Flashes of Intimacy and Whimsy in Mag for Micro Stories
NANO Fiction publishes short fiction under 300 words. The most recent issue, Vol. 9.2, was guest edited by Kayla Rae Candrilli and includes a queer feature. There was an open call for queer writers to submit their work and this issue showcases the result. Entertainment for Men, a series of oil paintings by Samantha Nye, is featured throughout.
The stories in this issue have a linear, coherent structure and are very straightforward. There is no formal experimentation. They’re immediate and pull you in quickly. Nearly all contributors to this issue have previous publications and awards to their name. Many are working towards or have graduated from MFA programs.
It is very difficult to tell a story under 300 words, let alone one that resonates with readers. The beginning of this issue succeeds effortlessly on that front with the story “Of Felling” by Stephanie Devine, selected by Amber Sparks as winner of the 2015 NANO Prize. Following a family who has a tree removed by the city, it seamlessly juxtaposes the struggle of having a home uprooted with the struggle of miscarriage. This theme culminates perfectly with the image of the tree’s felling: “We weren’t ready,” the narrator says. “For the rope to be lifted away, for it to look so much like a tree when it was dead and hovering in front of us. Like life, suspended.” She feels immobile in her inability to move forward while simultaneously lamenting how change so often includes the sharp pangs of loss.

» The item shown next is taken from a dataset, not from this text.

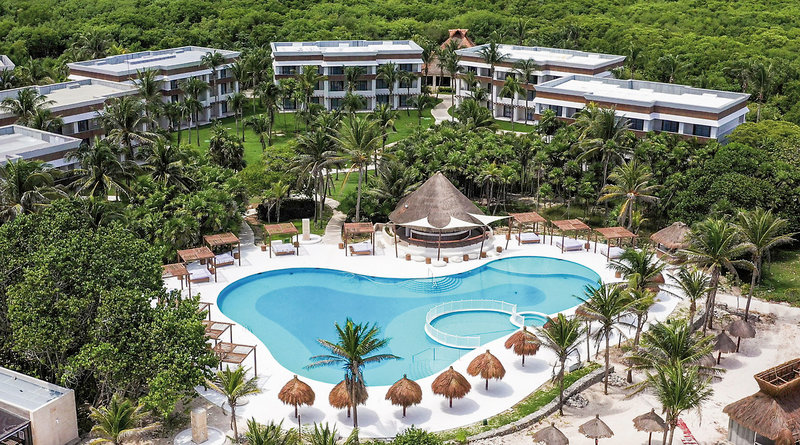 Bahia Principe Grand Tulum 18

Throughout the pages of this issue, you will find flashes of both intimacy and whimsy. There is a coming of age story in “Wanting so closely” by Sossity Chiricuzio, in which a teenage girl recognizes her sexual desire for another teenage girl who refuses to recognize it: “I know what I want, and that she doesn’t want to know.” There’s “Real Money” by Chris Emslie, which tells the tale of a drunken fan of a drag queen who insists on being called Frank. Frank is ready to leave for Atlanta, “to make real money.” In these brief spaces, there is a yielding to transience and the ephemeral nature of things. In the funny “Overpopulation” series of flashes by John Michael, there is a literal war between humans and all other animals on the planet. The humans are forced to move wherever the animals tell them to go.

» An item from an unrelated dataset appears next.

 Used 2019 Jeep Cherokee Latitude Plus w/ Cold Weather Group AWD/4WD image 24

Unfortunately, there is a bit too much whimsy in this issue for me, the kind of whimsy that borders on the precious: there’s a son who is haunted by his mother’s ghostly Facebook notifications, there’s a man who walks around with his headstone, there’s a narrator who believes the hashtag #WCW stands for William Carlos Williams instead of Woman Crush Wednesday, and a woman who tries her hardest to substitute the penises in her fantasies with vegetables. After a while, it all seems to become one voice. You begin to expect stories starting off with sentences like, “They came dressed as Batman, and you were a giant corndog.”
The issue concludes with an essay by Ryka Aoki that compares the short form to discovery in archaeology, having to dig for the fragments that might mean something and putting together a bigger story from just a few pieces of bone. She makes a point of how it makes sense that queer narratives often include the short form, fragments, and found pieces. Unfortunately all of these exciting forms she talks about only helped punctuate my sense of disappointment with the writing that precedes it.

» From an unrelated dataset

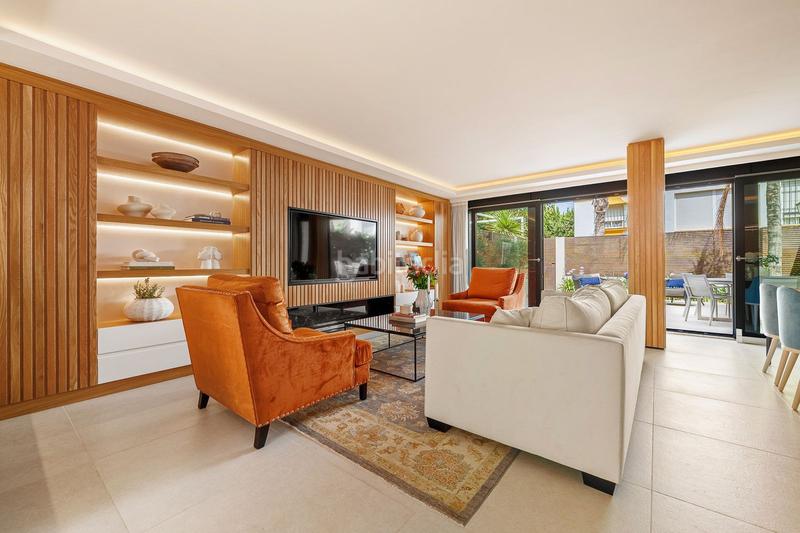 Foto ad5e254e-2925-4a7c-bc18-74223169f74c. Semi detached house with parking pool in La Carolina - Guadalpín Marbella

I expected a wider range. I was especially surprised since this is a queer-themed issue. In terms of voice, I really wanted to see the rainbow. It’s nice to have occasional whimsy to break up a collection, to lighten the mood and play around with expectations, but I finished this issue wanting to see more of the intimacy that it began with. More darkness and more vulnerability. Unlike the story that introduces this issue, this whimsy too often precedes what can be so powerful about the short form: what must be read between the lines and what is unsaid. As Aoki reminds us, a big story from small pieces. I left the issue wanting more of that.